We previously reported that Justice Brown of Canada’s Federal Court had allowed a prohibition application by Bayer Inc against Fresenius Kabi Canada Ltd concerning Fresenius’s generic moxifloxacin hydrochloride (HCl) injection (Bayer’s AVELOX I.V.®) and Bayer’s Canadian Patent No. 2,192,418 claiming moxifloxacin HCl monohydrate (Bayer Inc v Fresenius Kabi Canada Ltd, 2016 FC 581, previously reported in the E-TIPS® newsletter).  Although he found that Fresenius’s non-infringement allegation was justified, Brown J determined that the NOA was defective for failing to adequately disclose the factual and legal basis for the non-infringement allegation.
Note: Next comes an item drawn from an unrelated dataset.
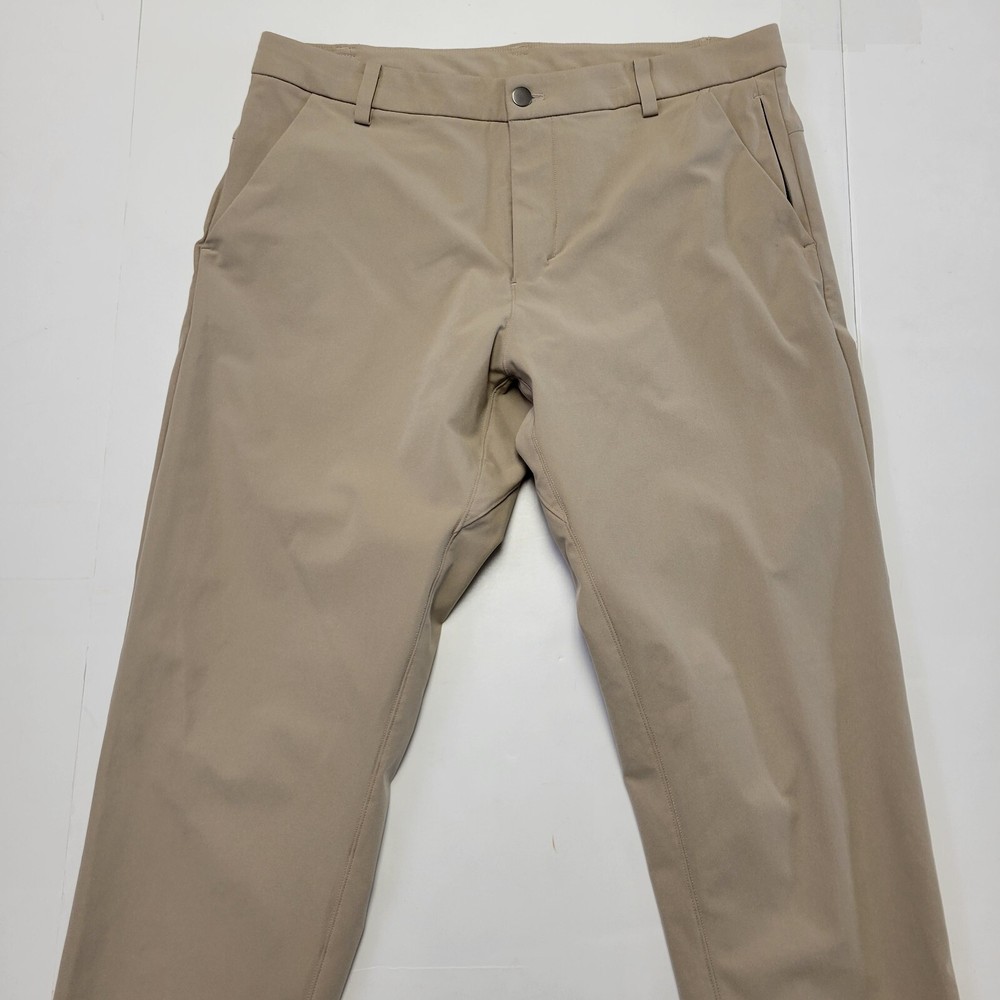 LULULEMON Commuter Pants Men's 34x33 Beige Polyester Flat Front Performance 34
Consequently, he issued a Prohibition Order against Fresenius.  Fresenius brought a motion for reconsideration and also appealed to the Federal Court of Appeal.
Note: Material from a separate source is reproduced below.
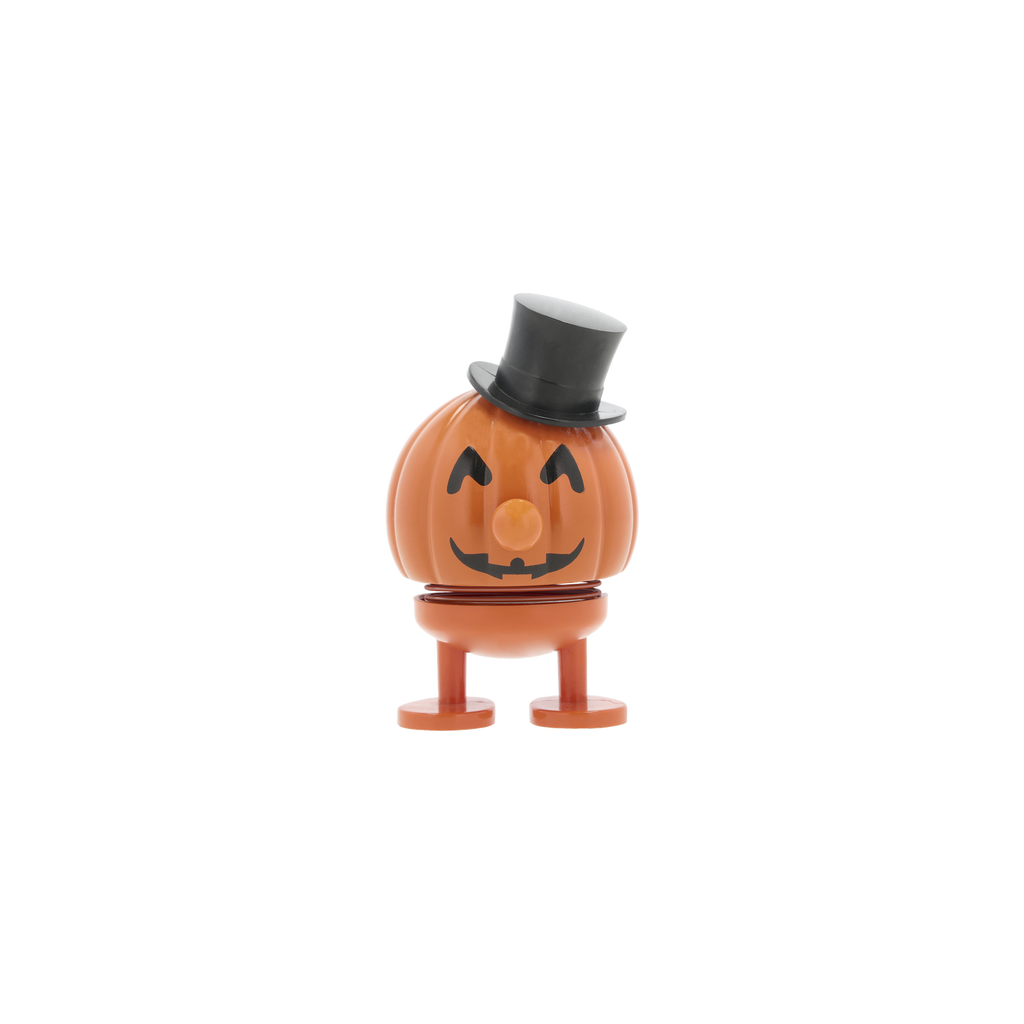 Pumpkin character with a top hat on a white background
In its motion for reconsideration, Fresenius argued that the remedy of a Prohibition Order was inconsistent with the Reasons on the basis that the remedy was inconsistent with Justice Brown’s finding that the allegation of simple non-infringement was “the essence of Fresenius’ allegation” in the NOA and was justified.

Brown J dismissed Fresenius’s motion, finding that Fresenius was in effect rearguing the application and that his Reasons and Judgment were consistent.  He noted that it was for the Federal Court of Appeal to correct any errors in his Reasons and Judgment (Bayer Inc v Fresenius Kabi Canada Ltd, 2016 FC 970).